Exercise aim.
From the data below, copy exactly the lines that lie between the one holding "BIBS, Tuttinauha, Moomin, Ivory" and the one holding "2023ホットライン、ジャージ3mmフルスーツ", including both, and nothing more.

Material shown.
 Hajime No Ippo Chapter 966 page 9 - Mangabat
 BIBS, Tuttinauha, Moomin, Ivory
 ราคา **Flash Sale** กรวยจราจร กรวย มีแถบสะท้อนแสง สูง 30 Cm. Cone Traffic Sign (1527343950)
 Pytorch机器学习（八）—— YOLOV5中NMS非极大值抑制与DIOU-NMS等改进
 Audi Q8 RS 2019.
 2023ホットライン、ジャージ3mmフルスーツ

--

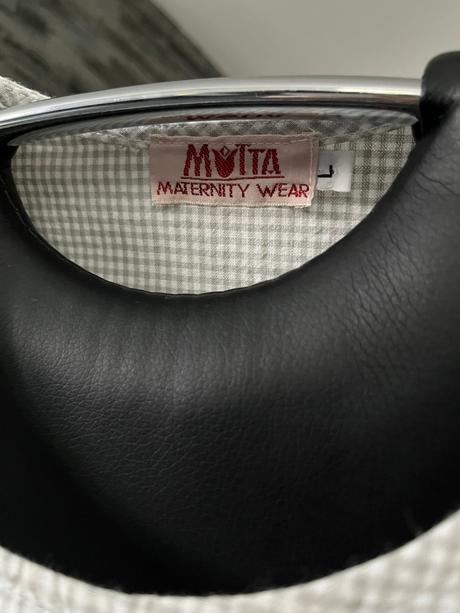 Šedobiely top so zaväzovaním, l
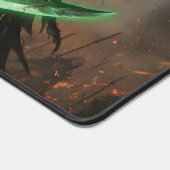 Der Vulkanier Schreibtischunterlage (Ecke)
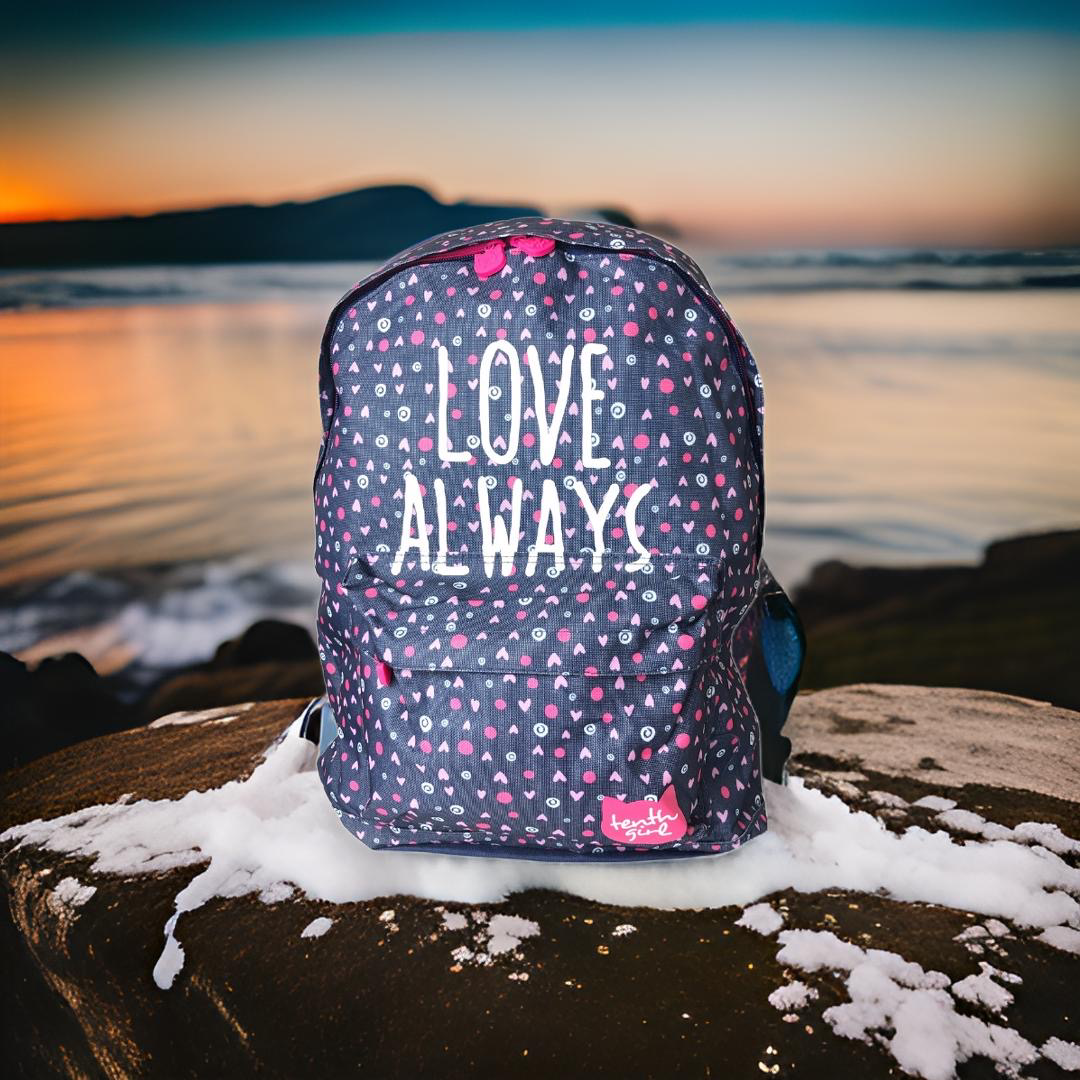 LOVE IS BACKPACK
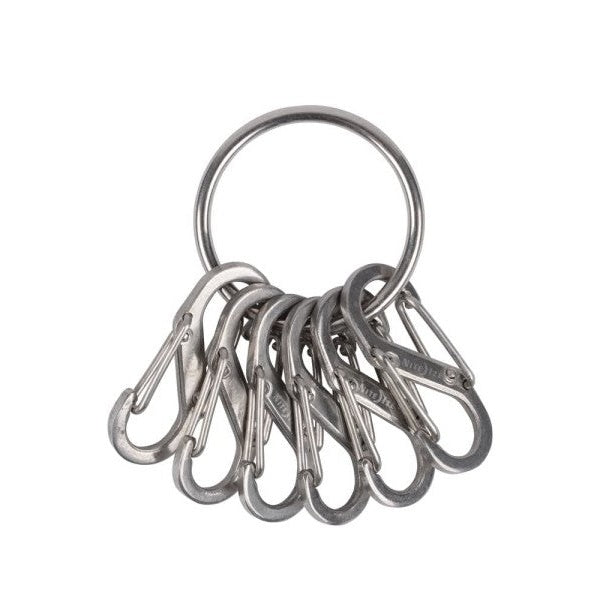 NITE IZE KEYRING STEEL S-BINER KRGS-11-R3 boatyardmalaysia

The completed task.
 BIBS, Tuttinauha, Moomin, Ivory
 ราคา **Flash Sale** กรวยจราจร กรวย มีแถบสะท้อนแสง สูง 30 Cm. Cone Traffic Sign (1527343950)
 Pytorch机器学习（八）—— YOLOV5中NMS非极大值抑制与DIOU-NMS等改进
 Audi Q8 RS 2019.
 2023ホットライン、ジャージ3mmフルスーツ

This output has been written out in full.